Every line below should be copied exactly; drop the pictures.

(Beginning of Data below)

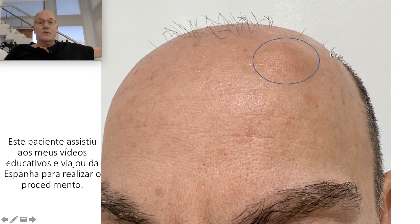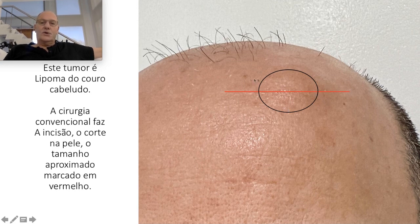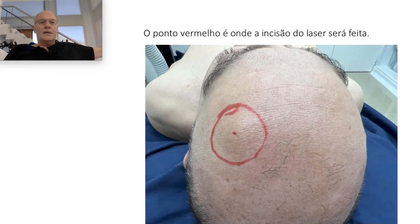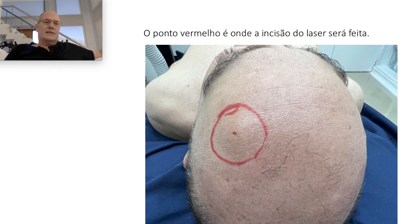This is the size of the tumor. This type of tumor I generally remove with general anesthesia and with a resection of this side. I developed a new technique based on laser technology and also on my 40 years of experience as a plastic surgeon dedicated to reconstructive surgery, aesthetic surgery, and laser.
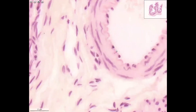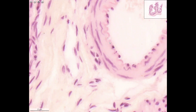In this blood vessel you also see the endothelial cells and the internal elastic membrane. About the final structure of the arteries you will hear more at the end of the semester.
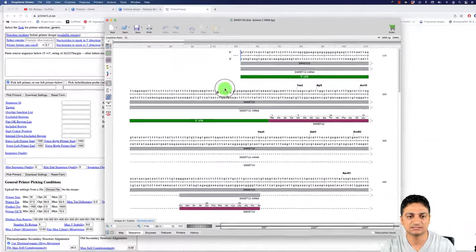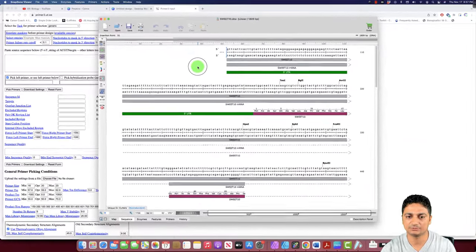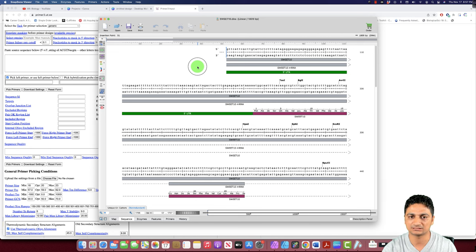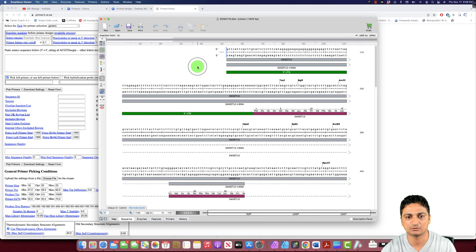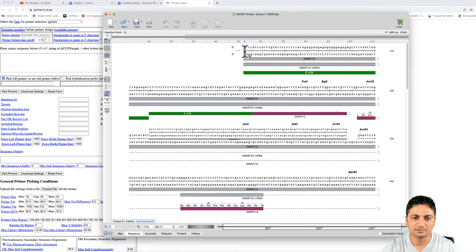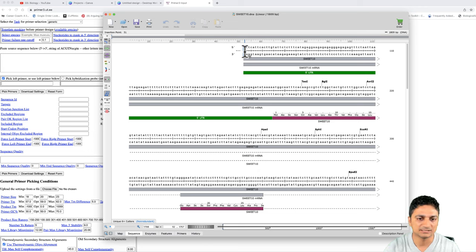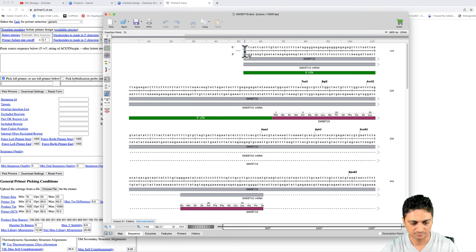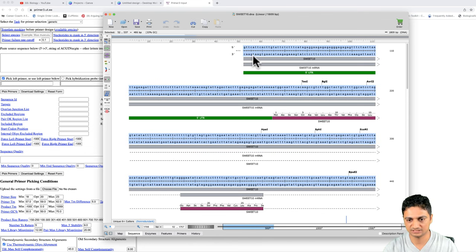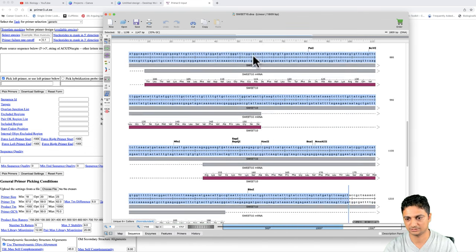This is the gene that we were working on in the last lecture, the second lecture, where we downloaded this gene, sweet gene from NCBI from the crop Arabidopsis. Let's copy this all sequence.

(End of Data below)

_Task output_
This is the size of the tumor. This type of tumor I generally remove with general anesthesia and with a resection of this side. I developed a new technique based on laser technology and also on my 40 years of experience as a plastic surgeon dedicated to reconstructive surgery, aesthetic surgery, and laser.
In this blood vessel you also see the endothelial cells and the internal elastic membrane. About the final structure of the arteries you will hear more at the end of the semester.
This is the gene that we were working on in the last lecture, the second lecture, where we downloaded this gene, sweet gene from NCBI from the crop Arabidopsis. Let's copy this all sequence.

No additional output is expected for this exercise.